E nesta questão de deixar tudo para a última hora, Portugal tem uma especificidade em relação aos demais cuja janela de transferências fecha hoje. Se olharmos para o FTMS verificamos que a data que consta é 2 de fevereiro. Desengane-se, no entanto, quem pensa que temos mais uns dias. João Leal explica.

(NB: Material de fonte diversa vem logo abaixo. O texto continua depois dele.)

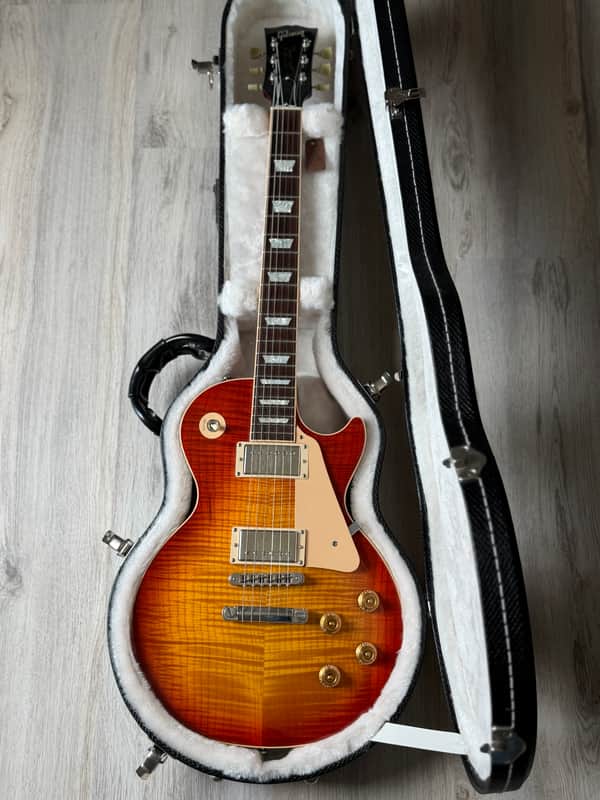 Gibson Les Paul Standard with '60s Neck Profile
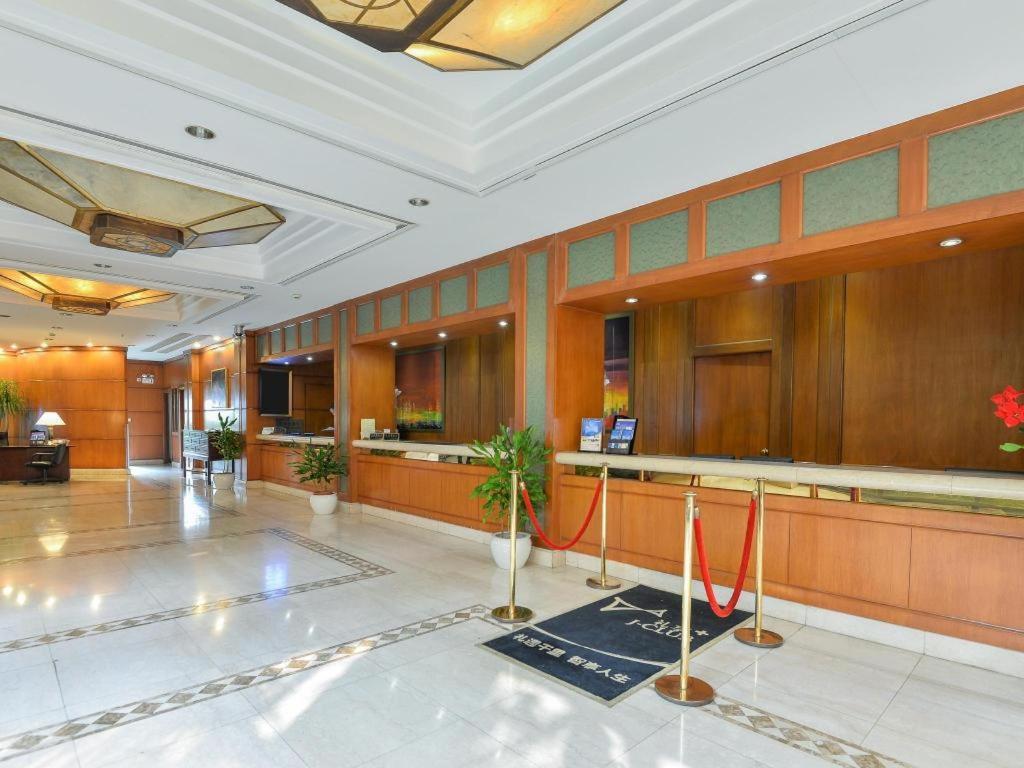 Cypress Hotel Jin Jiang Shanghai Bagian luar foto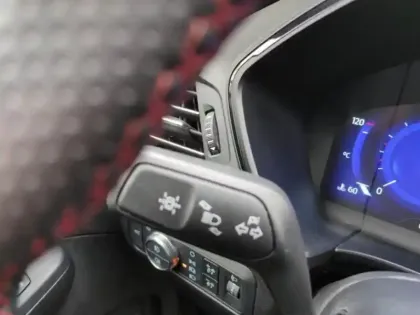 Photo 12 Ford Kuga  2.5 Duratec 190ch FHEV E85 ST-Line X BVA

“Mantendo o respeito pelas regras internacionais conseguimos um delay [adiamento] até dia 2 de fevereiro para carregar todo e qualquer eventual documento em falta que tenha ficado por carregar no TMS até às 24h00 do dia 31”, informa. Por vezes, há questões administrativas que podem impedir a inscrição de um jogador. “Este completar de documentos internos não briga com a obrigação regulamentar que está bem expressa a nível interno no comunicado da Liga enviado a todos os clubes profissionais para que estes enviem toda e qualquer documentação até às 23h00, para terem tempo de enviarem para a FPF”, finaliza.

PERGUNTAS E RESPOSTAS

Mercado de transferências: quando é que tudo começou?

Embora o plano de estabelecer janelas de transferências tenha começado nos anos 90 do século passado a ser discutido pelas associações, o primeiro sistema oficial instruído pela FIFA aos clubes só arrancou em 2002.

O que esteve por detrás?

Dar estabilidade contratual aos jogadores e aos clubes era intenção que escondia a limitação dos trabalhos dos intermediários que faziam negócios durante o ano inteiro com os jogadores que agenciavam. Foram criadas as janelas de verão e de inverno.

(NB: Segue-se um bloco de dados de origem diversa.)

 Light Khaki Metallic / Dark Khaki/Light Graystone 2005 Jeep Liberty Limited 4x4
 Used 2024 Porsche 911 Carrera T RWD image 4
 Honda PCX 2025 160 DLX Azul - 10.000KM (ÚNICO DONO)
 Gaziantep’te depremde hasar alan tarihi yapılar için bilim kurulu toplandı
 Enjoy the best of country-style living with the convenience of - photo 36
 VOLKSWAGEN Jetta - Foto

FTMS o que é e quando começou?

O TMS, Transfer Macting System é plataforma online criada pela FIFA em 2010. A ela aderiram 211 associações e mais de 6500 clubes profissionais. Transparência nas transferências, defesa da integridade dos negócios e proteção de menores esteve na génese da sua criação. Em 2015, foi introduzido o item sobre queixas no que toca à compensação por formação e mecanismo de solidariedade dos jogadores e, no ano passado, o futebol feminino entrou nas contas.

Quando é que há transferências?

Há transferências quase todos os dias. E isto acontece porque o calendário competitivo a nível mundial não é uniformizado. O campeonato brasileiro termina quando a Europa vai a meio, por exemplo. A FIFA decretou duas janelas, uma maior, no arranque dos campeonatos, e outra a meio, por um período de um mês.

As janelas em Portugal?

A FPF estabelece, como época oficial, o período que decorre entre dia 1 de julho ao dia 30 de junho, inclusive, do ano seguinte. No que toca a janelas de transferências, no verão o mercado abriu a 2 de julho e fechou a 31 de agosto, sendo que o atual período (aberto a 3) decorre até hoje, existindo a tal possibilidade de completar a documentação até dia 2 de fevereiro.

Uma questão inglesa e os parâmetros FIFA

A FIFA estabelece as janelas, mas dá liberdade às Federações e Ligas de cada país no que toca à data exata. A Liga Inglesa, na janela de verão, institui, a partir da atual época desportiva, que decorre de 9 de junho até às 17h00 (hora inglesa) da quinta-feira antes do arranque da temporada. Os clubes podem, passada essa hora, vender jogadores para campeonatos cujas janelas de transferência ainda estejam abertas ou outras com diferentes janelas de transferência, como seja a MSL (Major Soccer League).